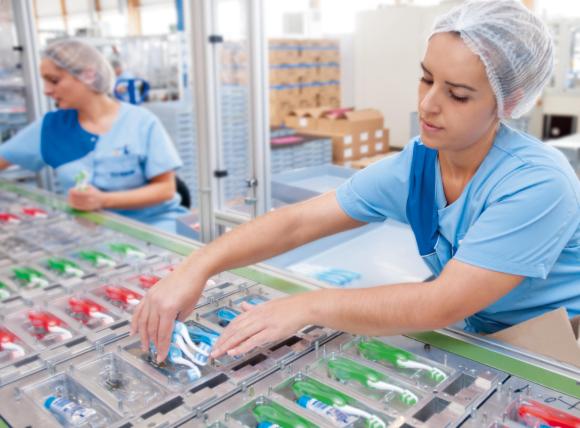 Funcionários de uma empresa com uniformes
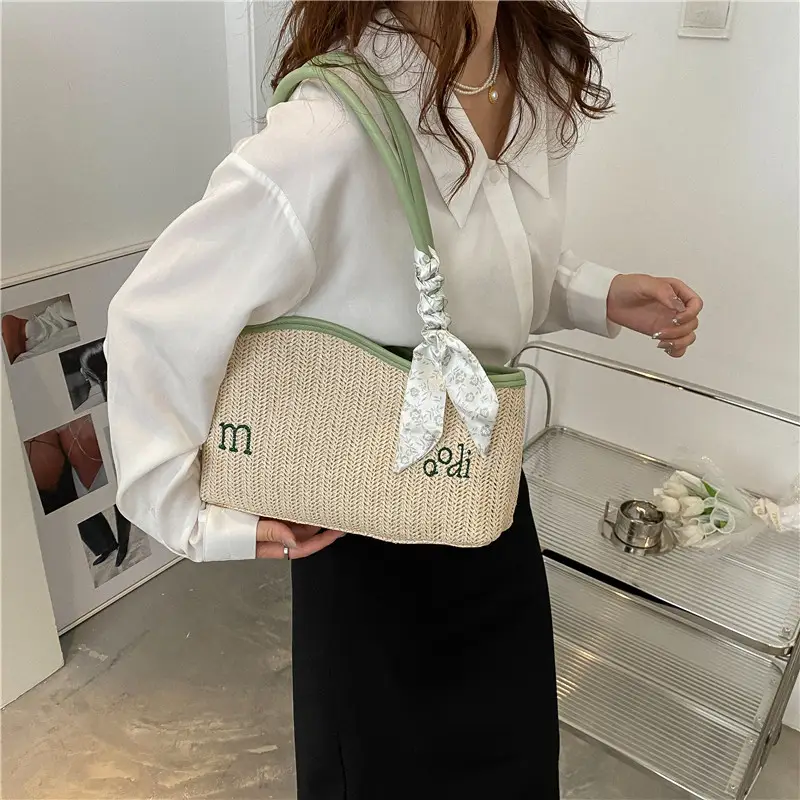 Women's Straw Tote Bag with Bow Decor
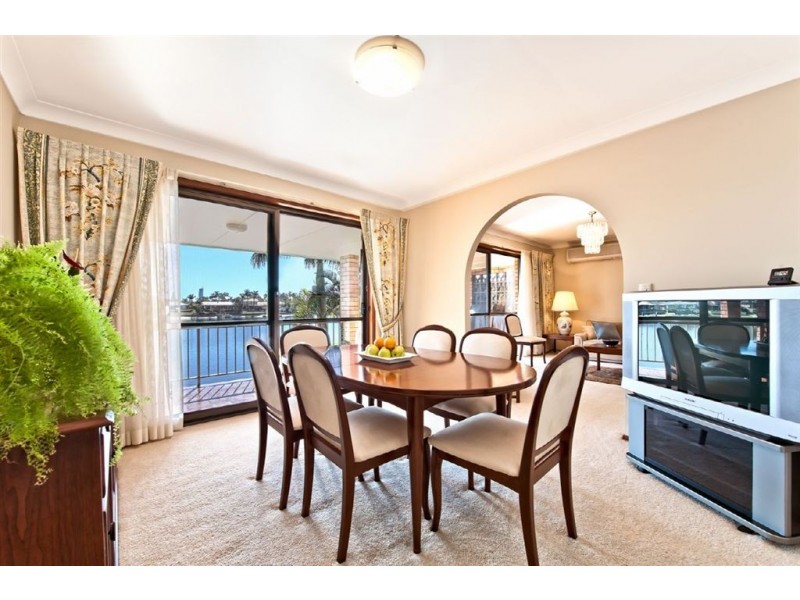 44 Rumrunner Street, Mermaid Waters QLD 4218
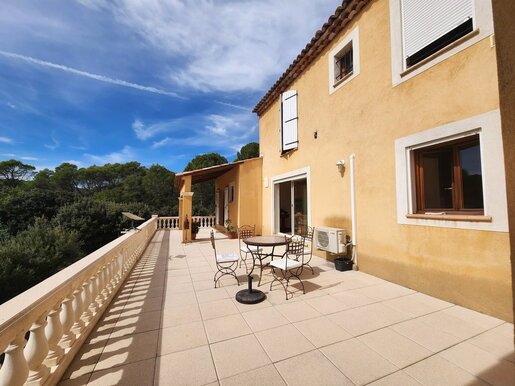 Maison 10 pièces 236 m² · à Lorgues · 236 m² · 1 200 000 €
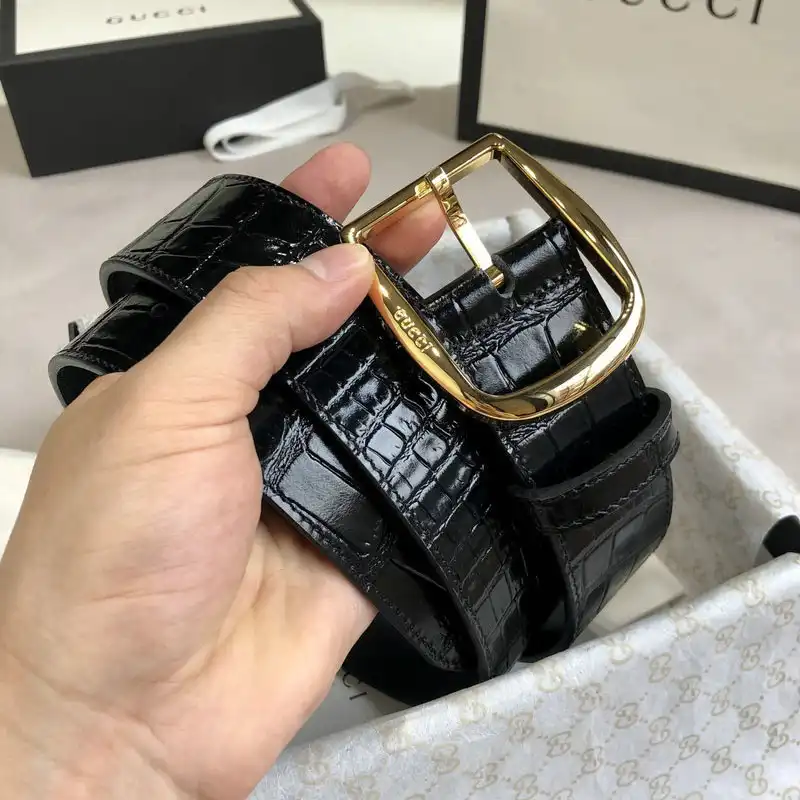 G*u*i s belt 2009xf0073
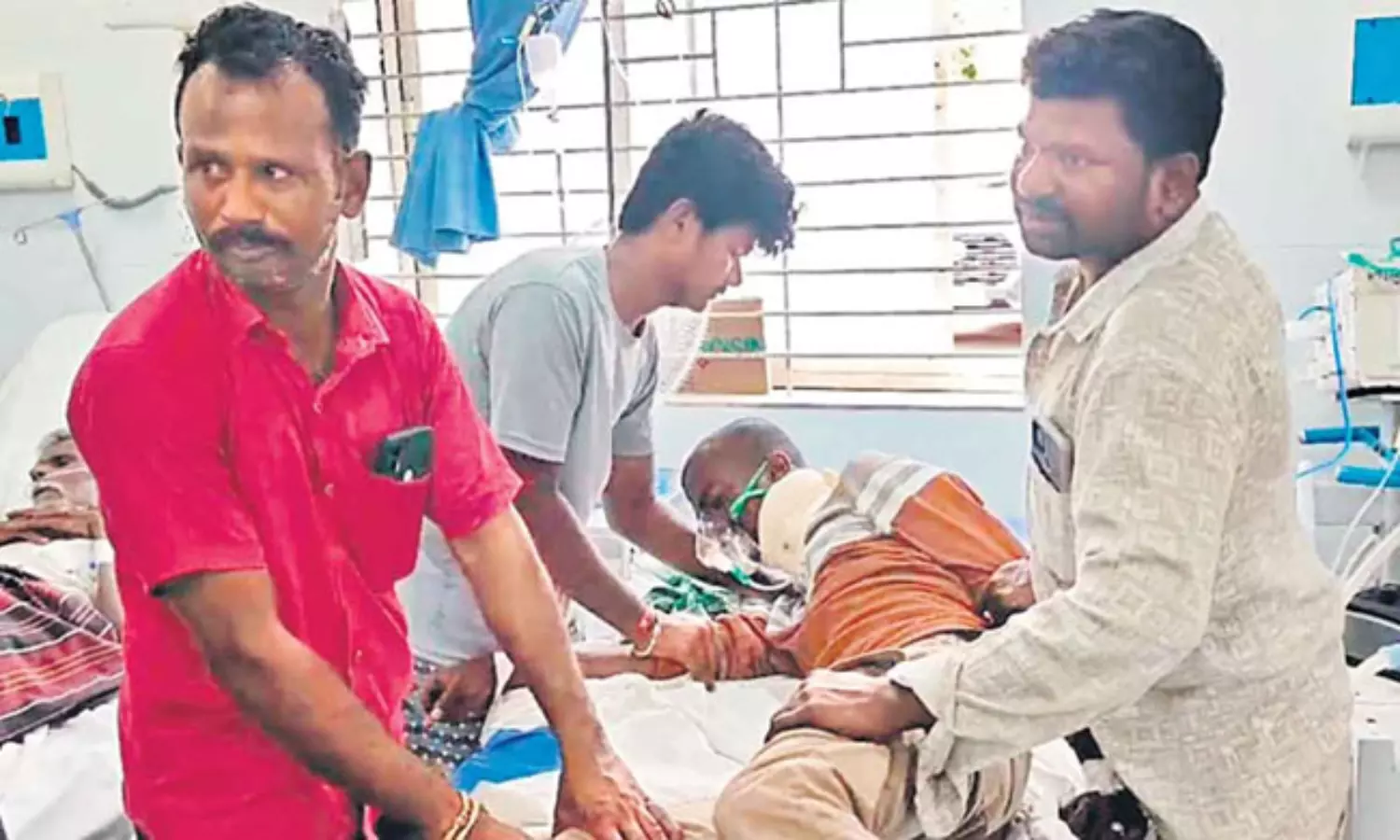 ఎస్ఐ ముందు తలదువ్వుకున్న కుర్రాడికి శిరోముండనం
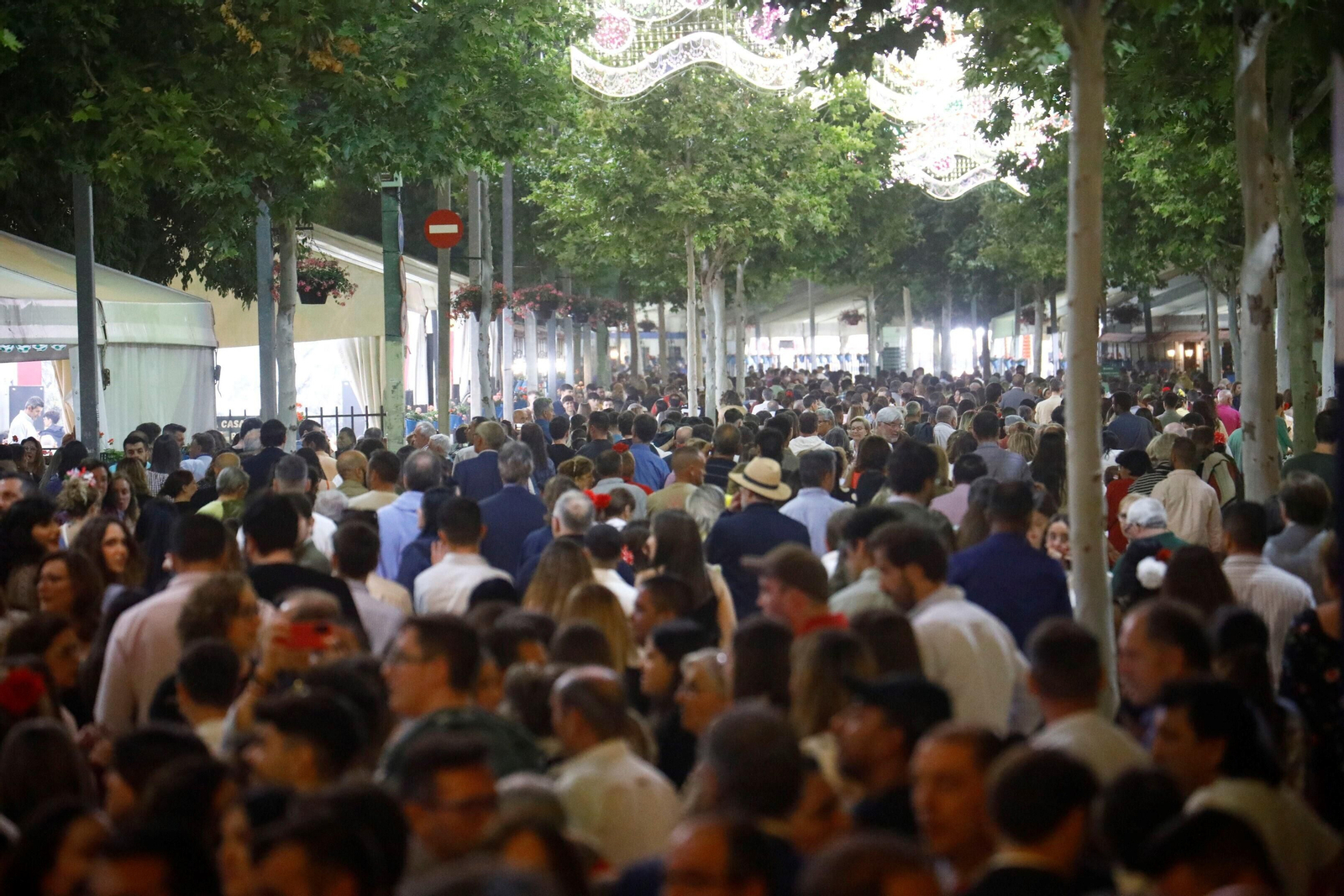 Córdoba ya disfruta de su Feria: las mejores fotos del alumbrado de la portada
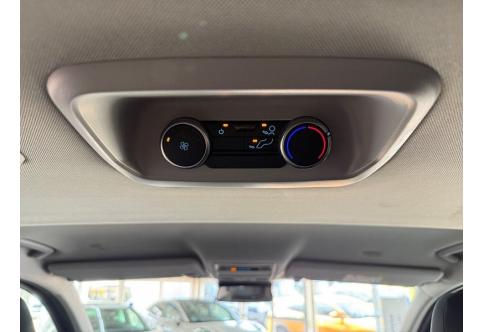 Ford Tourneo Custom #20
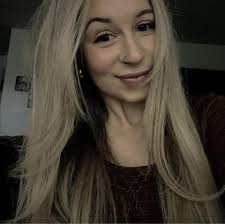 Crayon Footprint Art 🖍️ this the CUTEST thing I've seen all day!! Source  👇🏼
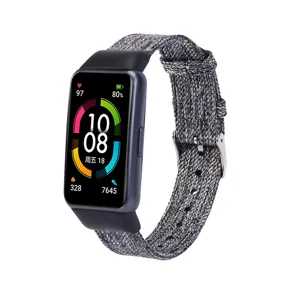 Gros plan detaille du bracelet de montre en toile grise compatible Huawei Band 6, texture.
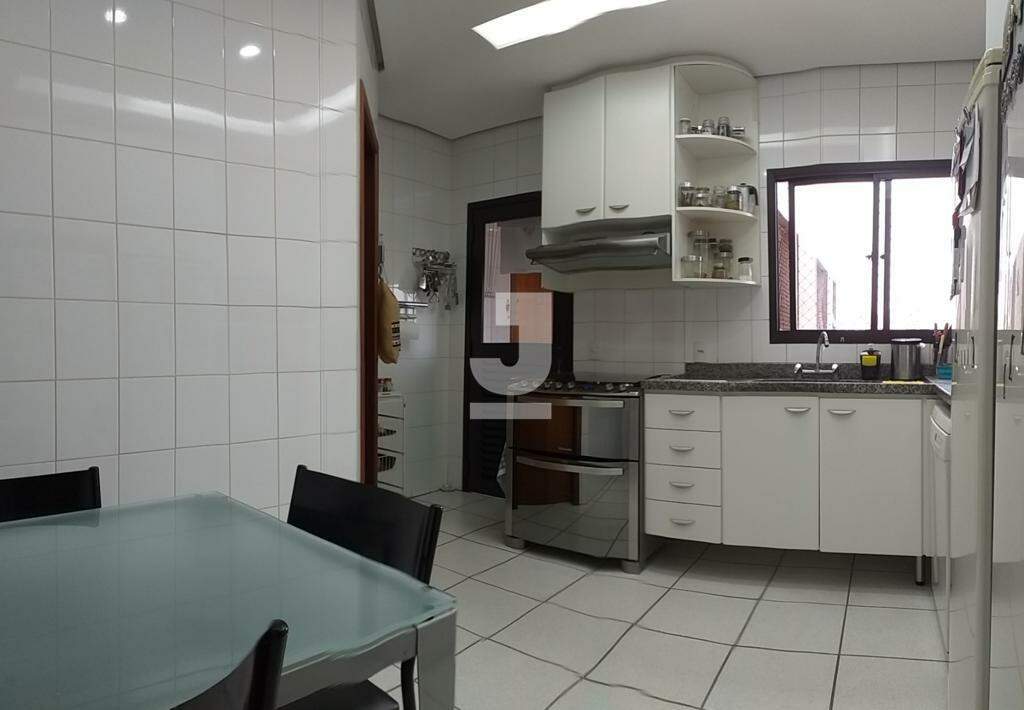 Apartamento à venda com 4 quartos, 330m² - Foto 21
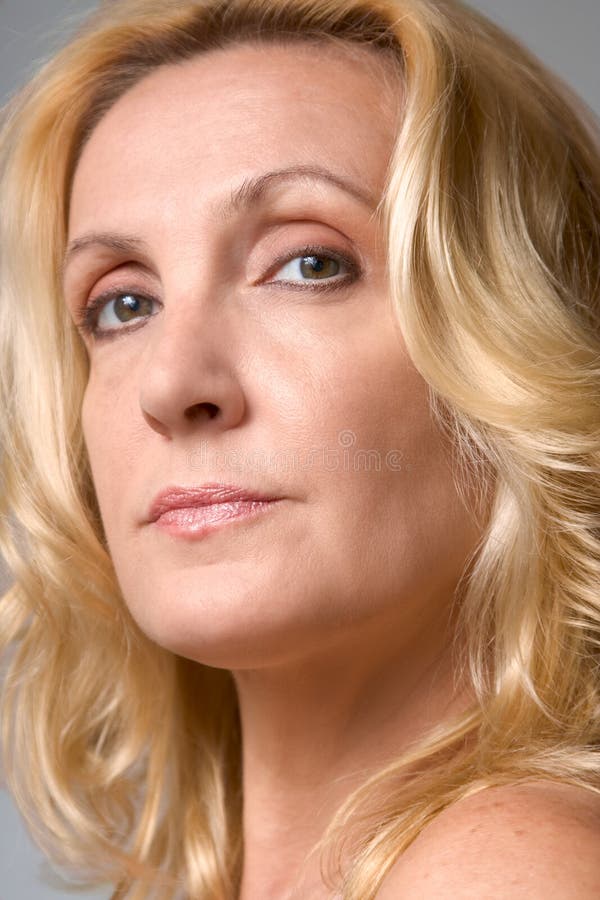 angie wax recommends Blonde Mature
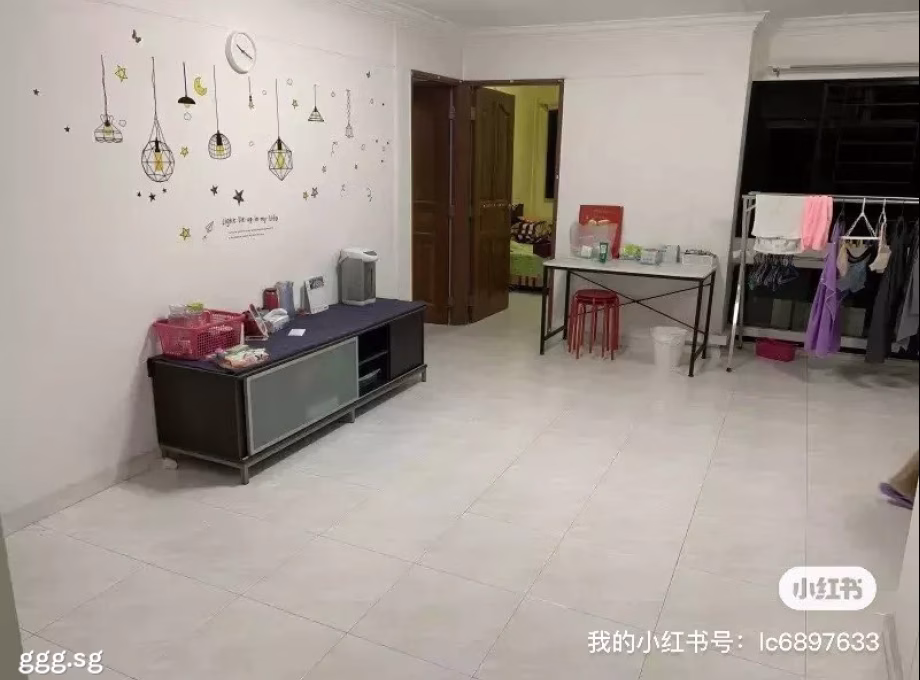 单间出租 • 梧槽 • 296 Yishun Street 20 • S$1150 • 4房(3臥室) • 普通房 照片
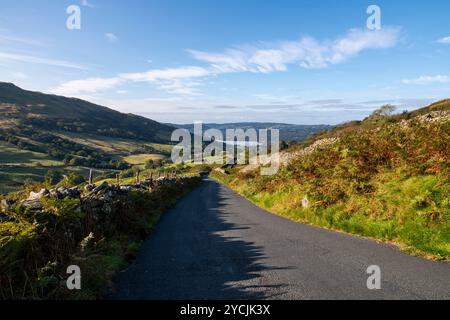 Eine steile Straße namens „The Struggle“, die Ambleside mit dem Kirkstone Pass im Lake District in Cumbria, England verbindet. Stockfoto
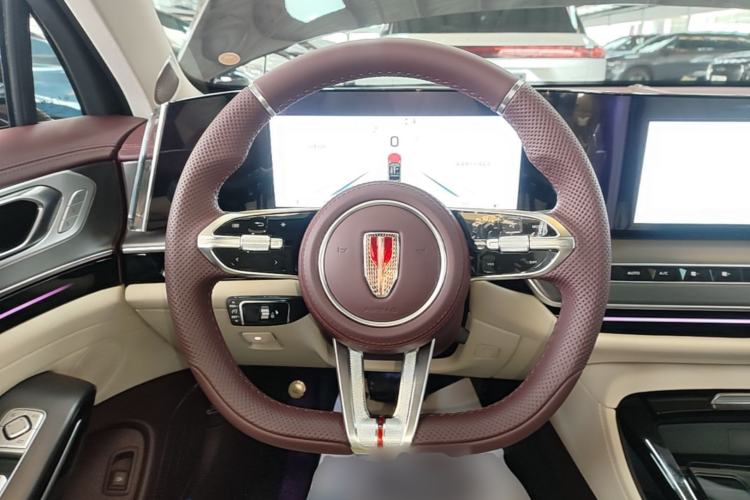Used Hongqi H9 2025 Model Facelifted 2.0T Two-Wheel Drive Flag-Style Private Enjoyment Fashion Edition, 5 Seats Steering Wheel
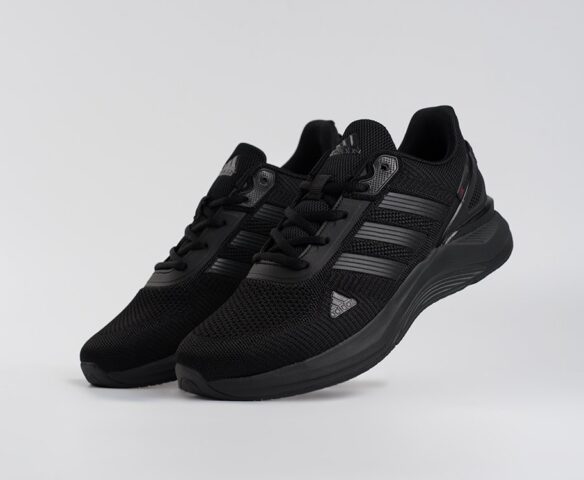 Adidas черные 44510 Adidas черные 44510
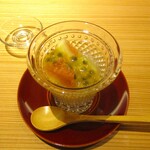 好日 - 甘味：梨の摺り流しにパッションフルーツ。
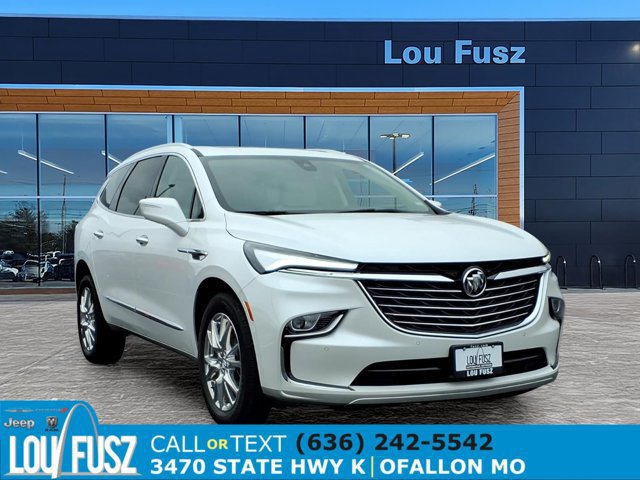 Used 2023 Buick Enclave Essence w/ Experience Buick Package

▶ [PROBLEM STATEMENT]:
Exact copy, no pictures. Write out the lines in the entries above, starting with the line with "Gros plan detaille" and going on through the line with "单间出租 • 梧槽 •", keeping both.

▶ [RESPONSE TO THE TASK]:
 Gros plan detaille du bracelet de montre en toile grise compatible Huawei Band 6, texture.
 Apartamento à venda com 4 quartos, 330m² - Foto 21
 angie wax recommends Blonde Mature
 单间出租 • 梧槽 • 296 Yishun Street 20 • S$1150 • 4房(3臥室) • 普通房 照片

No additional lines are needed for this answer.